### Available data:
-------
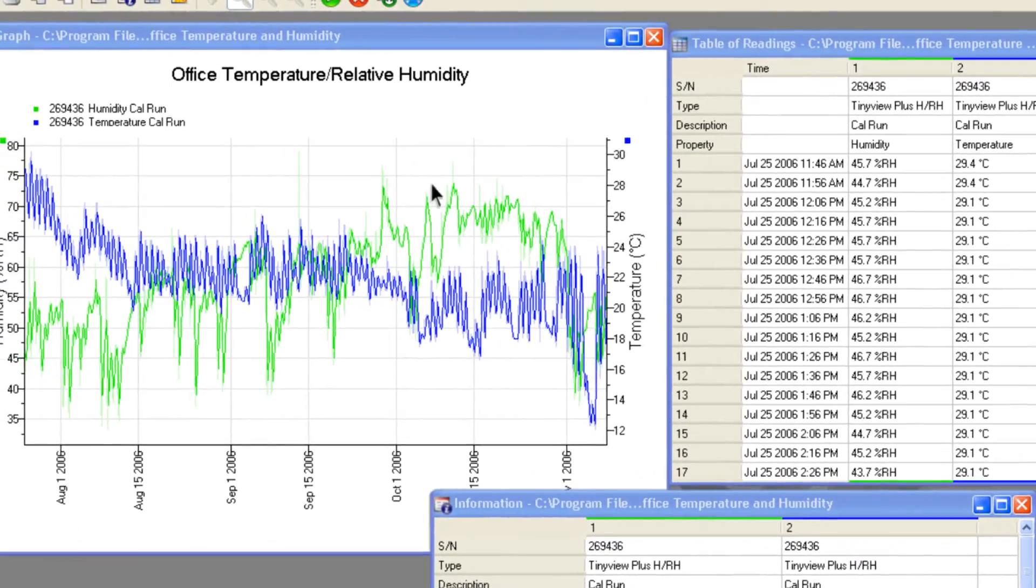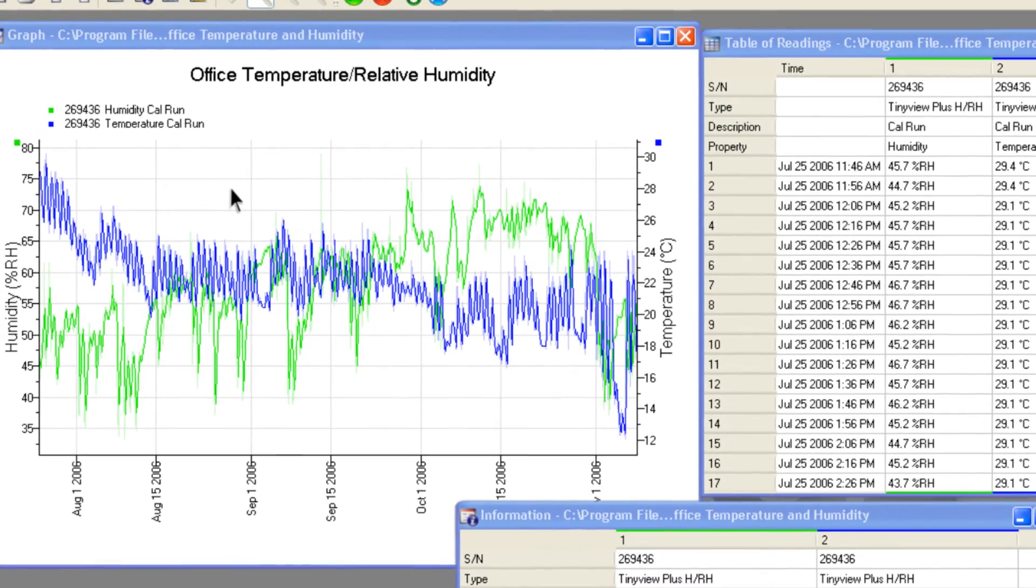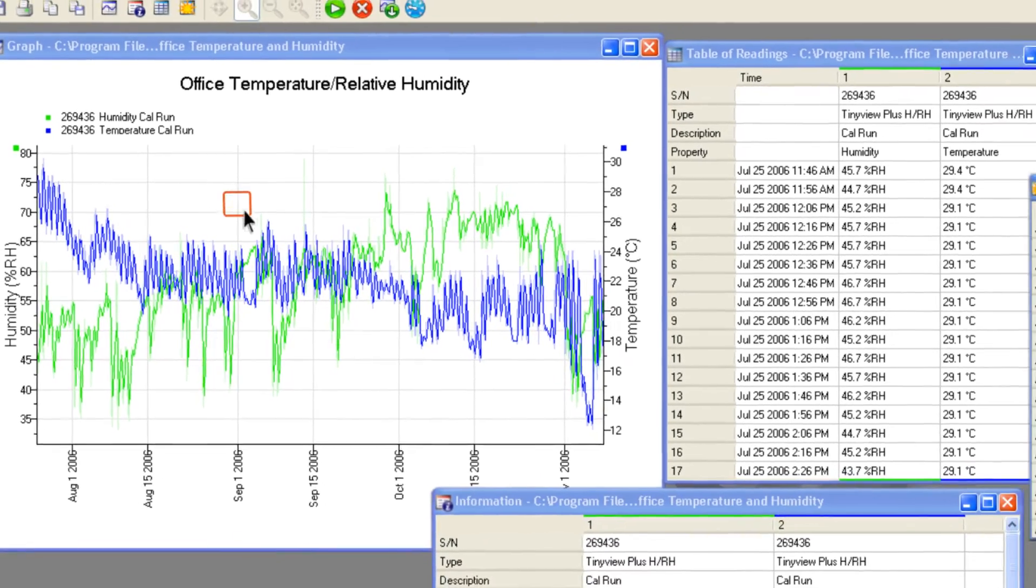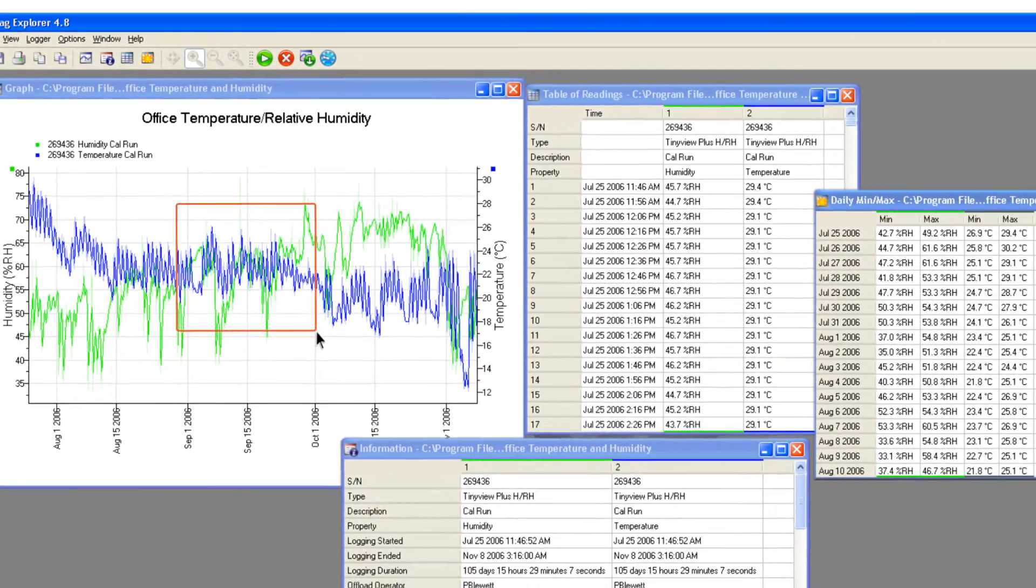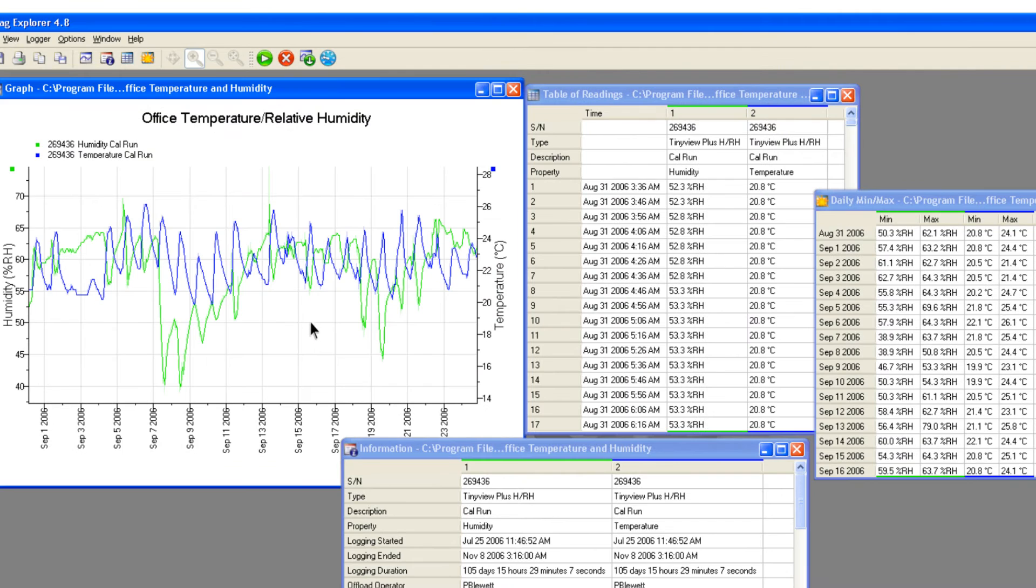These views are all linked and a set of zoom options that allow more detailed viewing of interesting data on a graph will automatically update the other views as the zoom range is changed.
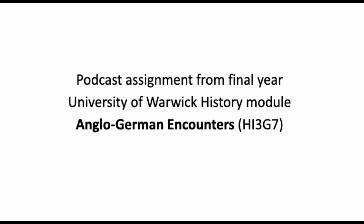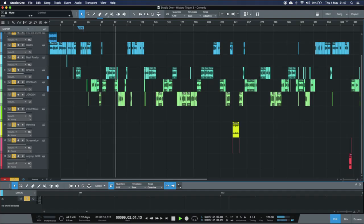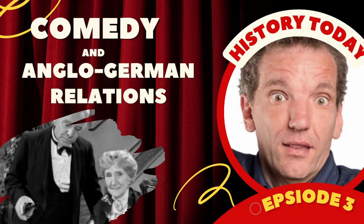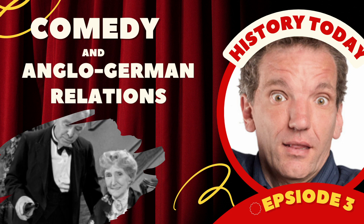Welcome once again to History Today. Hello and welcome to another episode of History Today. I'm your host, Gwendolyn Bruce Netterton, and today we'll be solving a mystery as old as time.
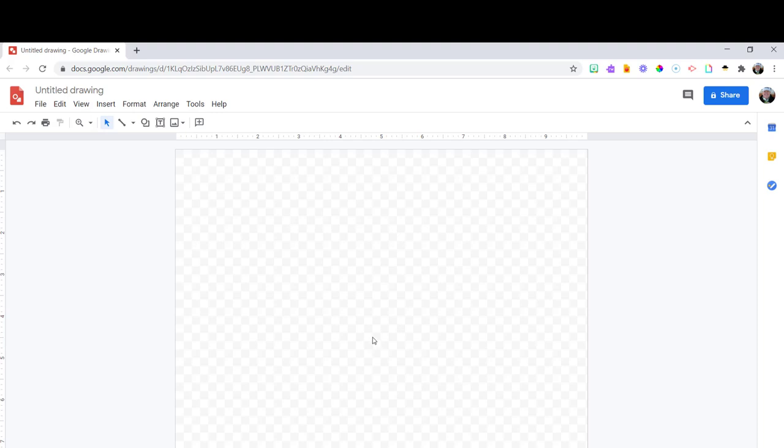Hi everyone. So today we're going to do a Google Draw with me and create a pumpkin for fall. So first you need to start with a blank Google drawing.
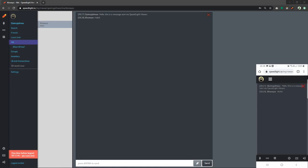As you can see, the avatar has responded and the chat updated on both of the devices as well. This is Speedlight. Thank you for watching.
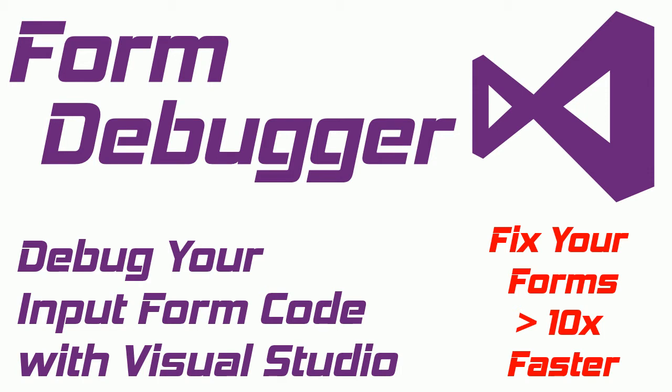Alright, this is a demo of Form Debugger. It will allow you to debug your input form code with Visual Studio and it should allow you to fix your form issues more than 10 times faster.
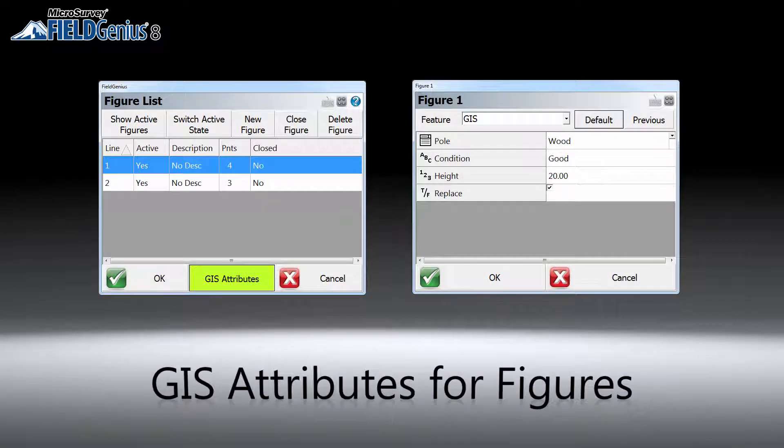FieldGNS has been supporting GIS attributes for points for a while. Now we are expanding that capability to lineworks and figures. The addition of default and previous setting buttons greatly improves overall efficiency for GIS data collection.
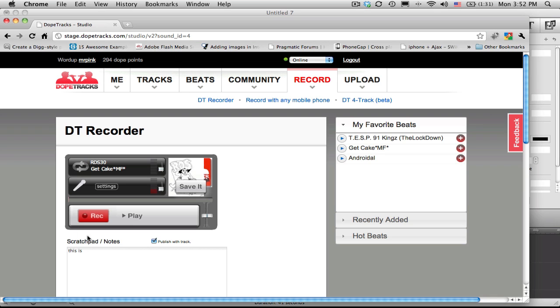When you're ready, you simply click on record and spit. Yeah, testing, testing.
-------
### Work to complete:
Transcribe, without alteration, each line from the one with "FieldGNS has been" through the last line of the data; no pictures belong in the copy.

### Response:
FieldGNS has been supporting GIS attributes for points for a while. Now we are expanding that capability to lineworks and figures. The addition of default and previous setting buttons greatly improves overall efficiency for GIS data collection.
When you're ready, you simply click on record and spit. Yeah, testing, testing.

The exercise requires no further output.